Universal Christian Apostolic Church
Current address not obtained for this edition.
In 1947 the Universal Christian Apostolic Church was founded in Vancouver, British Columbia by William F. Wolsey. Wolsey received apostolic succession eight years later when he was consecrated by British Old Catholic bishops Hugh George de Willmott Newman (Mar Georgius) of the Catholicate of the West and Harold Percival Nicholson (Mar Joannes), who had left Mar Georgius to found the Ancient Catholic Church. Wolsey claimed a degree in Bio-Psychology from the Taylor School of Bio-Psychology, out of which he claimed to have developed a psychiatric method compatible with Christianity.
The Universal Christian Apostolic Church believes in the “usefulness” of the original Christian doctrine, but attempted to be nonsectarian in its interpretation. Unique to its perspective are beliefs in Christian doctrine as a living philosophy best manifested in the work of the Christian Ministry and in Jesus as a perfect manifestation of the “Christos,” the Christ-Spirit. The Christ-Spirit is thought of as enthusiasm plus, “that something more.” Those who are anointed with it reveal the actual presence of Jesus that gives life to worship and ritual.
Membership
Since Wolsey’s death in the 1980s, there has been no sign of the church’s continuance. It may be defunct.
Remarks
Wolsey became known during his career as a collector of degrees and a member in a number of honorary societies and orders. These, along with a number of open membership organizations which he had joined, were duly noted on his lengthy curriculum vitae.
Sources
Shyam Sundar Agarwal Sarad. The World Jnana Sadhak Society and Its Founder. Jalpaiguri, W. Bengal, India: The Author, 1966.
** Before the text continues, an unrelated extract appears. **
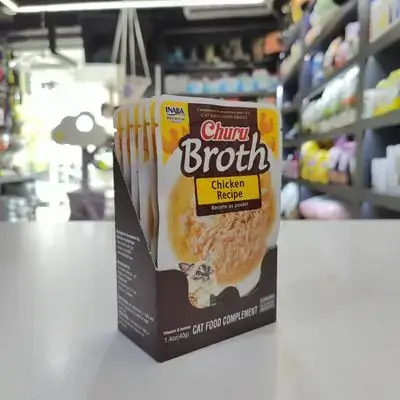 Inaba Broth Chicken Recipe 6 PCS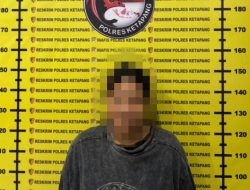 Kuasai Sejumlah Paket Sabu Dua Pelaku Di Kecamatan Sungai Melayu Diamankan Polisi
Somanah, Meernaidoo T. Mahatma Gandhi and Other Dedicated Souls. Port Louis, Mauritius: 1968.
———. The Philosophy and Spiritual Teachings of the Modern Saint, Patriarch-Archbishop Dr. William F. Wolsey. Port Louis, Mauritus: Standard Printing Establishment, 1971.
Wolsey, William Franklin. Vivesco. North Burnaby, BC: Universal Life Foundation, 1957.
White Robed Monks of St. Benedict
c/o Most Rev. Robert M. Dittler, OSB, Box 27536, San Francisco, CA 94127
The White Robed Monks of St. Benedict is an Old Catholic ordered community that functions as an independent ecclesiastical jurisdiction. It was founded and is led by its abbot, the Most Rev. Robert M. Dittler, who was consecrated a bishop on November 19, 1991, by Bishop Carlos A. Florida of the Orthodox Catholic Church. Dittler was granted the title of Titular Bishop of Bodhgaya, India.
Members of the order follow the Zen Rule of St. Benedict. The White Robed Monks include clerical and lay monks, affiliates, and associates. As a jurisdiction, the White Robed Monks formally accept ordained (generally Roman) Catholic clerics who are currently without a bishop and who wish to serve. The group has developed a ministry of providing the traditional Catholic sacraments and the Word to all who seek them. Members have attempted to remove any obstacles in their adherents’spiritual path and have found a particular calling to those Roman Catholics who for whatever reason are no longer able to receive the sacraments or a spiritual presence from the church of their origin.
The White Robed Monks envision their mission as letting the world be a more compassionate place. They have adopted a monastic practice of Soto Zen meditation, as they consider the Earth, rather than a building, their monastery. They teach meditation to any who wish to learn. Their motto is the first word of the Rule of St. Benedict, “Listen”; by practicing listening they aim to shed their allusions, delusions, and illusions so as better to appreciate God’s message as offered.
Membership
In 2002 they reported a membership of approximately 3,800, of which 3,690 reside in the United States, 21 in Canada, and 89 in Central and South America, Europe, Eastern Europe, Asia, Africa, and the Middle East.
Sources
White Robed Monks of St. Benedict. www.whiterobedmonks.org.